======== Supplied material ========

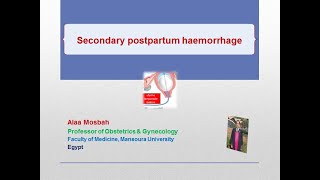 Secondary postpartum haemorrhage [upl. by Ecniv]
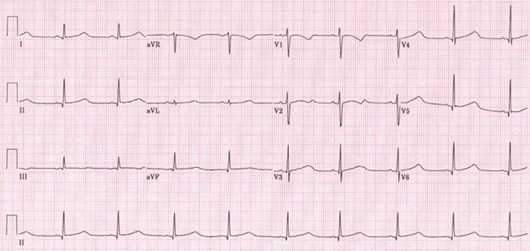 The Standard 12 Lead ECG The Standard 12 Lead ECG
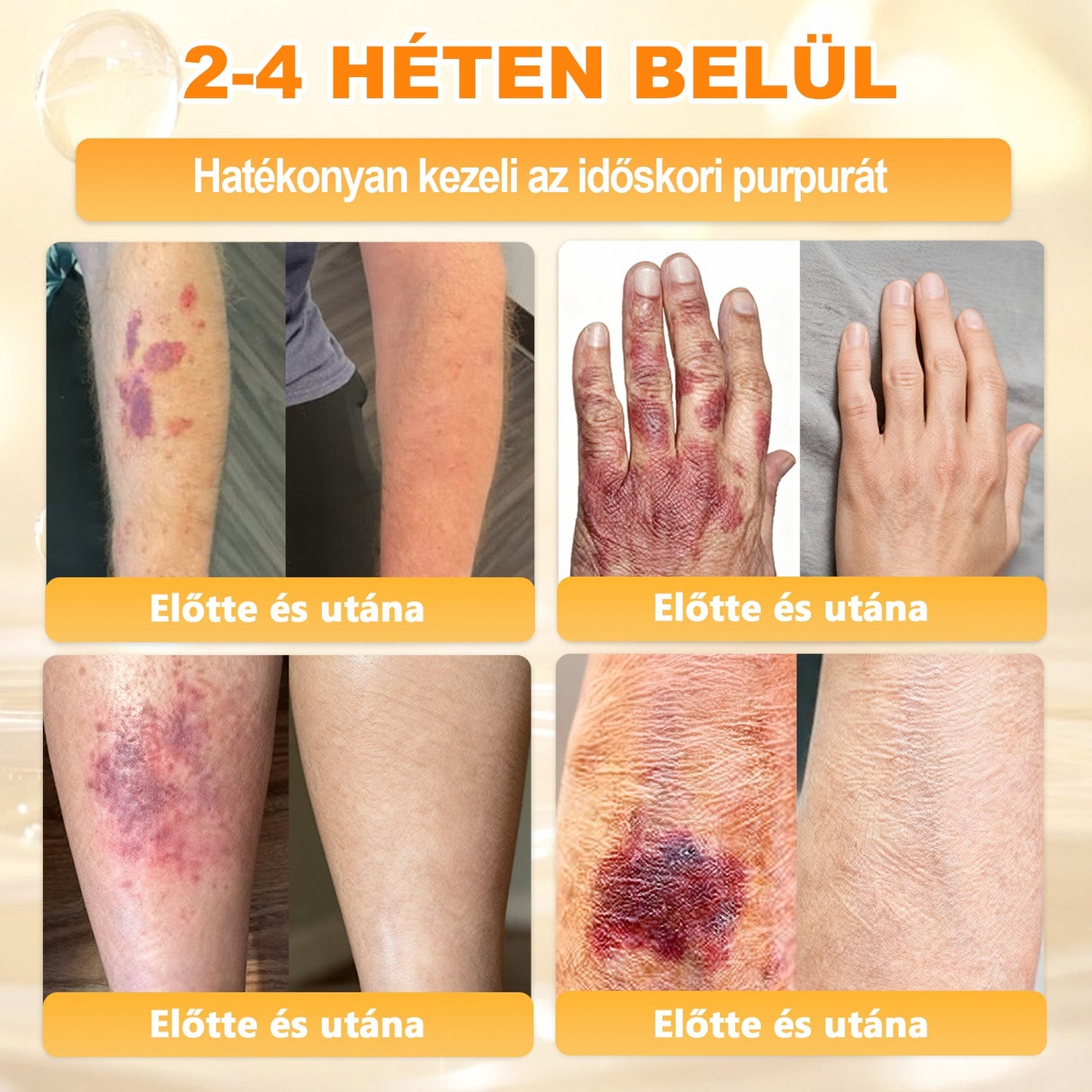 💕💕Ajánlott a Semmelweis Kórház   által · BENU hivatalos üzlet ✨✨   APKAPK® méhméreges   bőrmegújító krém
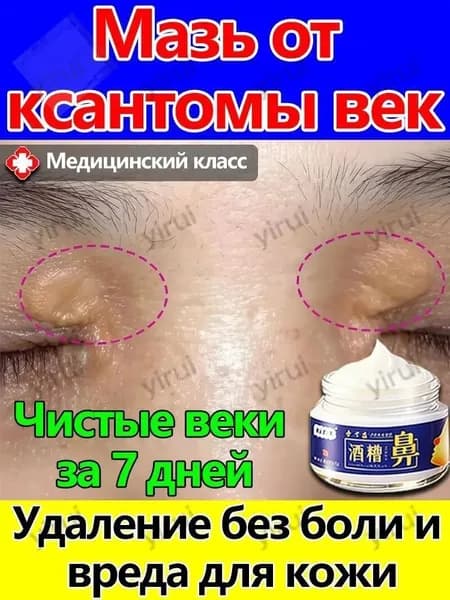Мазь от ксантелазмы и ксантом на веках и лице. Лечение папул и желтых бляшек вокруг глаз. Эффективное средст555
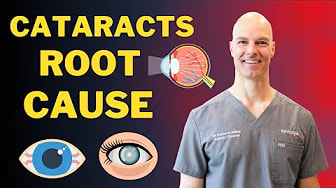 How to Identify the Root Causes of Cataracts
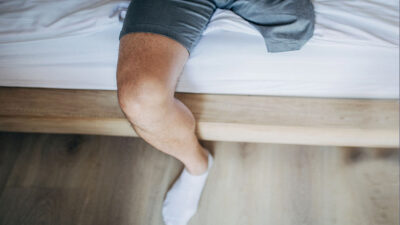 AMPUTATION Istock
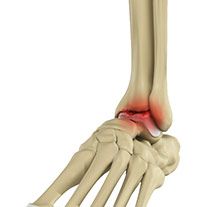 Arthritis of The Foot & Ankle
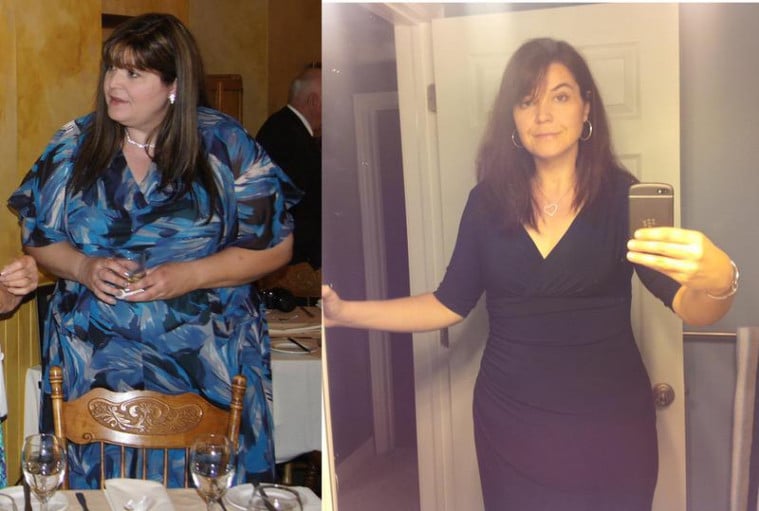 A progress pic of a 5'10" woman showing a fat loss from 320 pounds to 170 pounds. A net loss of 150 pounds.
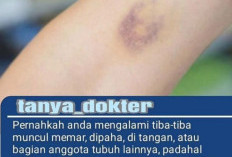 Ternyata Ini Faktor Yang Membuat Tubuh Memar Tanpa Sebab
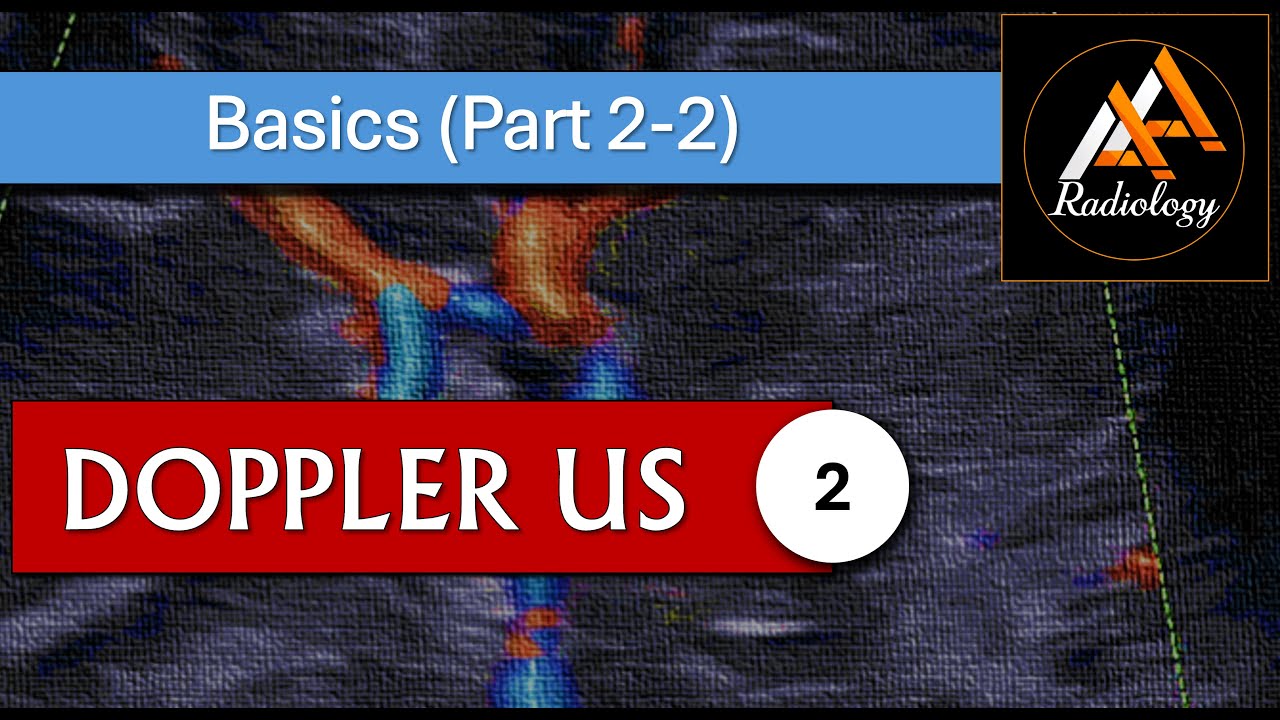 2 - Master Doppler image optimization, hemodynamics, RI, AT, waveform features, changes & analysis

========

What the task asks: Counting the line with "Ternyata Ini Faktor" and the last line of the data above, transcribe those two lines and every line between them exactly, without the pictures.

Answer below:
 Ternyata Ini Faktor Yang Membuat Tubuh Memar Tanpa Sebab
 2 - Master Doppler image optimization, hemodynamics, RI, AT, waveform features, changes & analysis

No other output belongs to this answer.